** About this exercise **
Return nothing but the lines from the line with "A smiling chef" through the last line of the entries that follow, copied exactly and free of pictures.

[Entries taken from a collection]
————

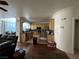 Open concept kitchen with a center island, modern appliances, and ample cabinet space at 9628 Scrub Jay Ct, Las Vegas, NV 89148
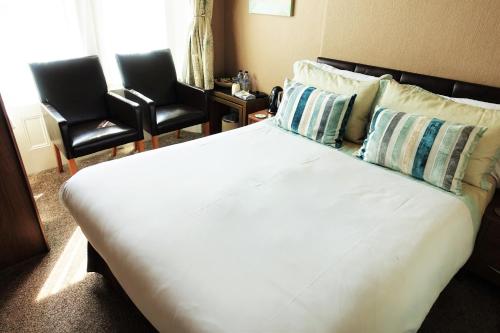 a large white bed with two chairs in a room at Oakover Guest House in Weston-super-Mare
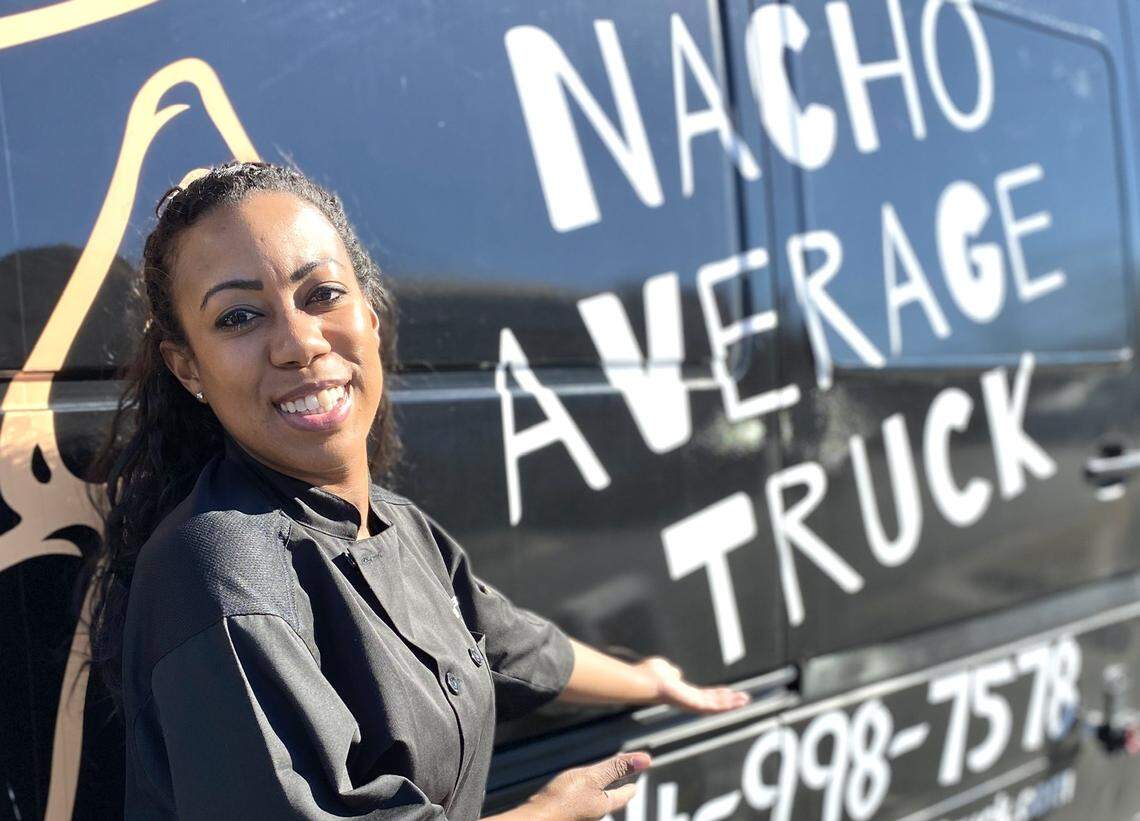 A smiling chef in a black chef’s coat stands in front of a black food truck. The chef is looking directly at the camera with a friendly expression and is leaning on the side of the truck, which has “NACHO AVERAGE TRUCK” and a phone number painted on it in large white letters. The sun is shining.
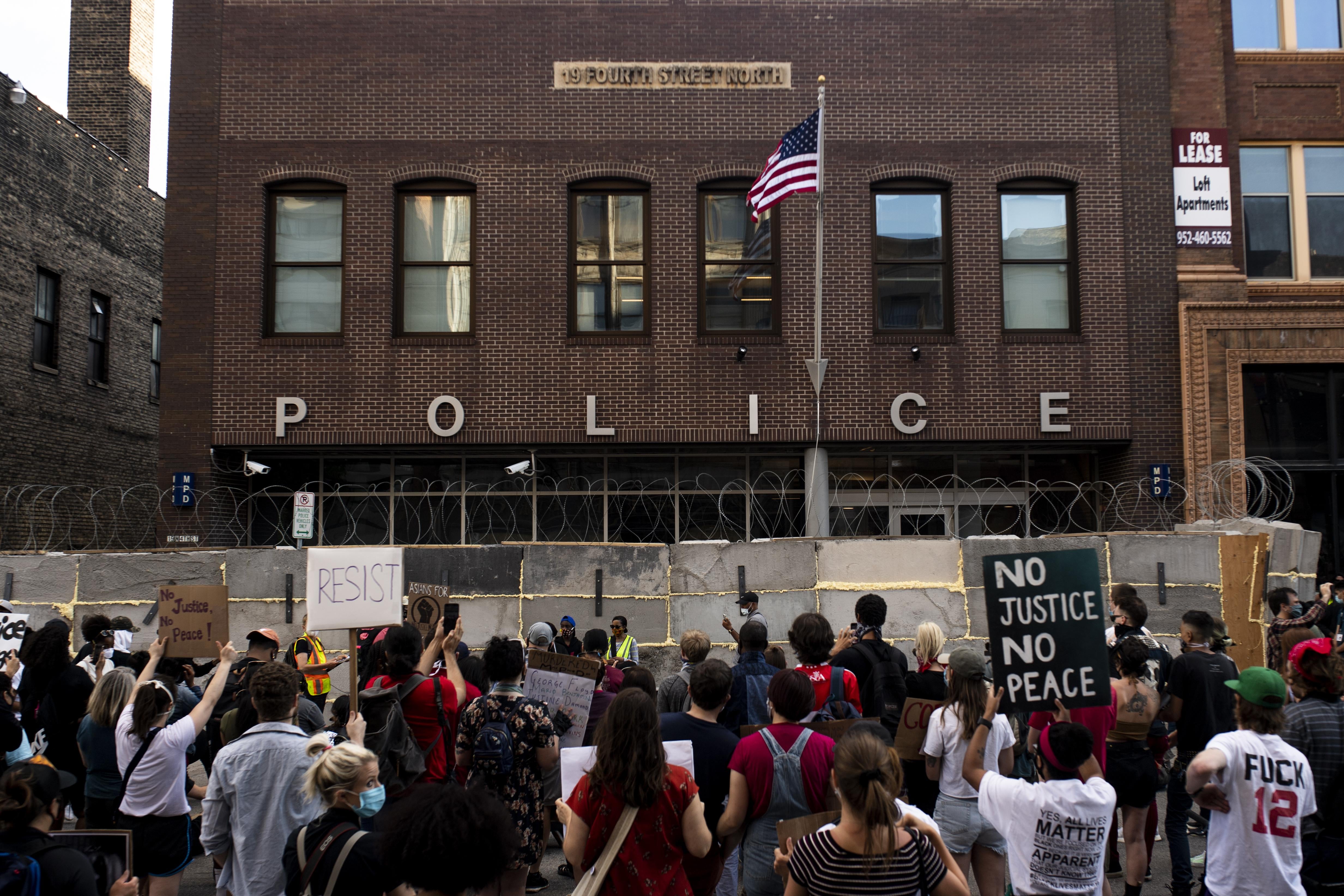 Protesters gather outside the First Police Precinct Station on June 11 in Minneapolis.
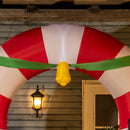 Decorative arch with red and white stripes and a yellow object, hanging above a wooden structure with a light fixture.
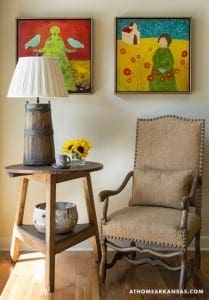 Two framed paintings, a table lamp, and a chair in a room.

————

** Task result **
 A smiling chef in a black chef’s coat stands in front of a black food truck. The chef is looking directly at the camera with a friendly expression and is leaning on the side of the truck, which has “NACHO AVERAGE TRUCK” and a phone number painted on it in large white letters. The sun is shining.
 Protesters gather outside the First Police Precinct Station on June 11 in Minneapolis.
 Decorative arch with red and white stripes and a yellow object, hanging above a wooden structure with a light fixture.
 Two framed paintings, a table lamp, and a chair in a room.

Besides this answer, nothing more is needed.